Solved – How to use press statistic for model selection

cross-validationmodel-evaluationregression

I am confused about how to use the PRESS statistic to compare models.I understand that the PRESS statistic is calculated by summing the square of the residuals as :

$$\text{PRESS} = \sum_{i=1}^n (y_i – \hat{y}_{i, -i})^2$$

where the residual is the difference between the observed and predicted value for the $i$-th data point, with the prediction coming from a model trained on data with the $i$-th data point removed. My confusion lies in the fact that a new regression equation (hence a new model) is estimated each time a data point is dropped (so $n$ different models are trained in the process of calculating PRESS) – so the final PRESS statistic is not tied to a single model.
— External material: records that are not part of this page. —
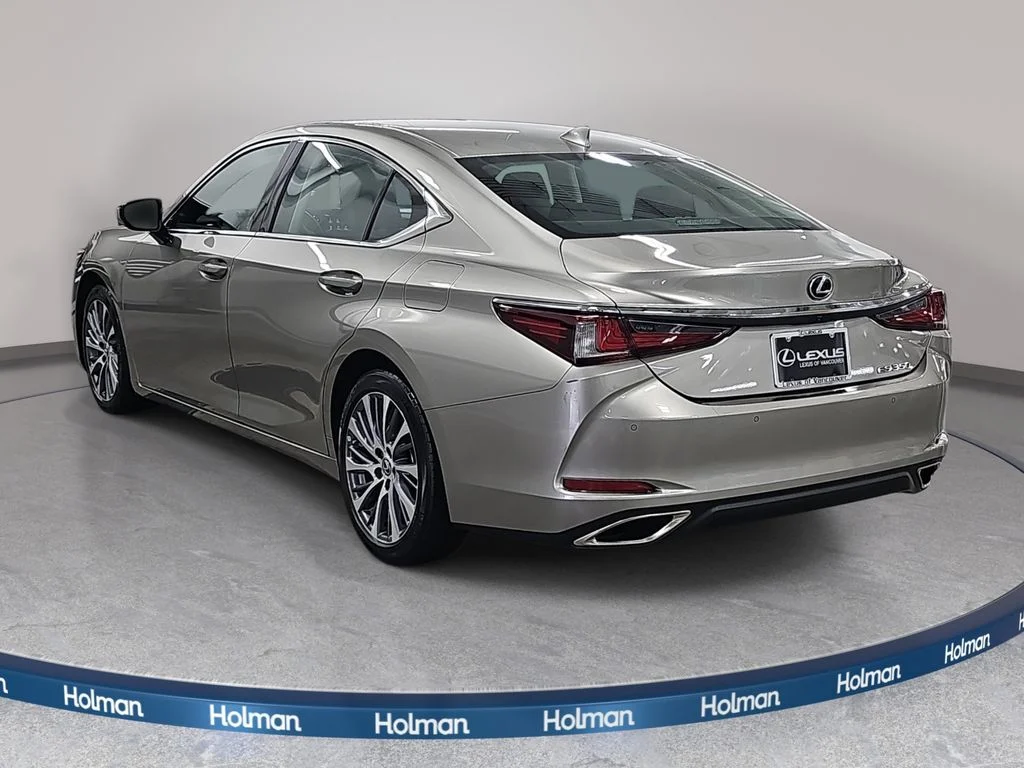 Used 2021 Silver Lexus 350 image 8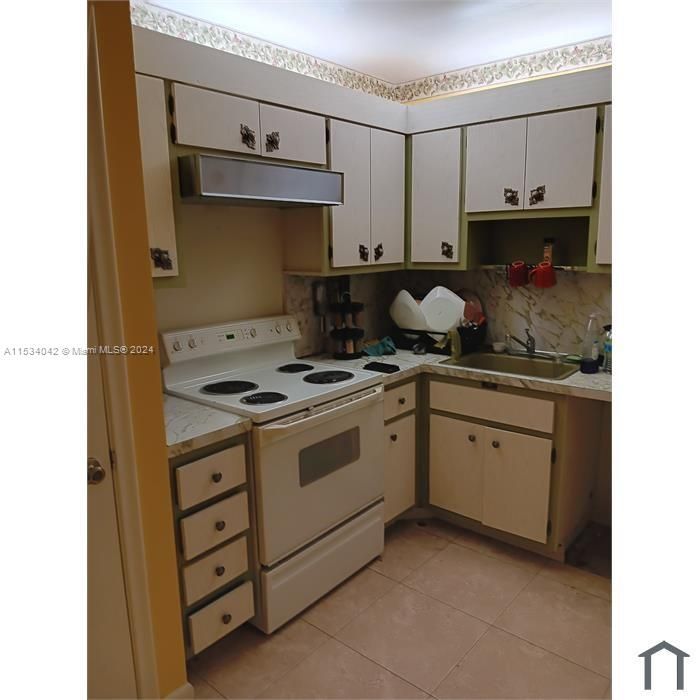 Active With Contract: $85,000 (1 beds, 1 baths, 928 Square Feet)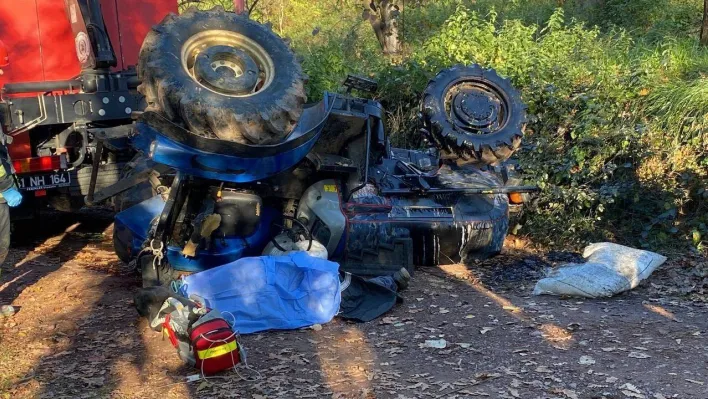 Tarlaya giderken devrilen traktörün altında hayatını kaybetti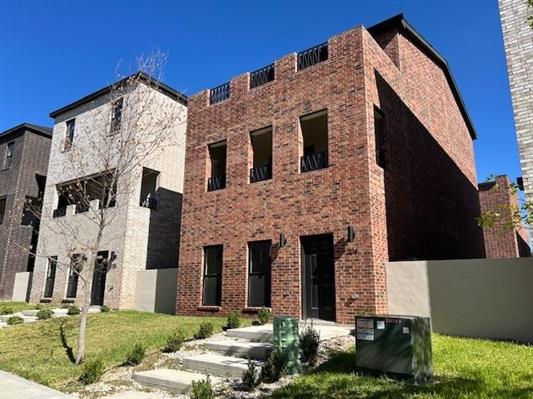 210 Veracruz Dr. Unit #204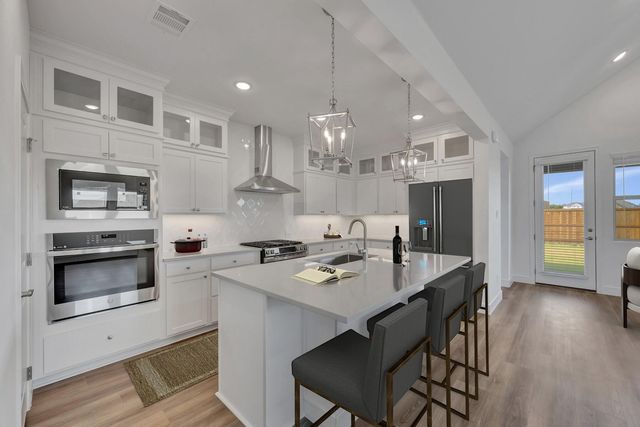 411 Sagebrush Trail, Sherman, TX 75092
In that case, how can you use the PRESS statistics to compare two different models? How do you calculate a PRESS statistic for a given regression model? I think I am making a basic mistake somewhere here but not sure where my reasoning is off. Thanks for any help.

Best Answer

You calculate PRESS on a model trained on $n$ values to get an idea of its out-of-sample performance, by leaving out one sample at a time. So while you indeed end up with $n$ models to determine the statistic, you eventually use the original model trained on all $n$ values.

Since you are only leaving out a single observation at a time (like in LOOCV), the addition of the 'last' sample has minimal influence on the final model. Because of this you can safely use PRESS to compare models, even though the actual models you are comparing were not used to calculate it.

If you have a larger sample size, you could consider a form of nested cross-validation, comparing models with the inner cross-validation and evaluating the performance of the 'winning' model on the outer cross-validation loop.